The Growing Season
At the risk of this sounding like a humble brag (or just a brag), my vegetable garden is planted. The timing of my daughter’s birth last year made garden work difficult, and I was happy to find the time, energy, and clear weather days to get it done in a timely manner this time around. Will I be able to keep up its maintenance? Will the weather provide the right mix of rain and sun? Will the animals get to the harvest before I do? Who can say? But it has been good to be out doing a bit of sowing before handing things over to the Master Gardener. (In other words, no guarantees this works out.)
The growing season each year is long-awaited in Vermont. Whether we tend gardens of our own, watch our neighbors tend theirs, or simply enjoy the budding and leafing all around, late spring can feel like a giant exhale. Ah! We’ve made it through. Folks are out and about again; we get to see one another at farmers markets, sports games, creemee stands, and—of course—the Clutter Barn. Just as leaves and flowers open toward the sun, many of us are nourished during this season that brings us back in touch with each other and the natural world.
We have a few special Sundays coming up (this week is Pentecost—wear your red to church!), but very soon, we’ll return to the liturgical season of known as “ordinary time.” Appropriately, the color for this long season is green. For in the time that follows Pentecost (which maps to the growing season in the Northern Hemisphere), we are invited to grow in our faith through connection to the life of Christ.
The Sunday scriptures will jump back in time, taking us to pre-Easter days of Jesus teaching, healing, working miracles, and telling his often confused followers the honest-to-God truth of it all. The stories might be familiar, but we—having made it through another year—may hear them differently. Maybe the ground is more fertile this year. Maybe the weeds have gotten the upper hand and we’re ready to dig in and uproot. Maybe we’ll be surprised at what blooms—something other than what we planted! All things are possible if we’re open to the blessings and challenges of the growing season.

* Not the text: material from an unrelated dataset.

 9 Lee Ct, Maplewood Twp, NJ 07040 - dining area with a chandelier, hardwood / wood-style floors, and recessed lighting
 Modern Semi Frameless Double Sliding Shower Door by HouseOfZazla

“This is what God’s kingdom is like,” Jesus says in Mark’s Gospel. “It’s as though someone scatters seed on the ground, then sleeps and wakes night and day. The seed sprouts and grows, but the farmer doesn’t know how. The earth produces crops all by itself…whenever the crop is ready, the farmer goes out to cut the grain because it’s harvesttime.” (4:26-29)
In my very amateur gardening experience, and slightly more seasoned life experience, this holds up. We can sow and we can reap; we can even tend the garden diligently (it usually helps). But whether we’re looking to grow vegetables or fruit of the spirit, the miracle of growth happens in God’s good time.
I pray a heavenly yield for us all in this year’s growing season.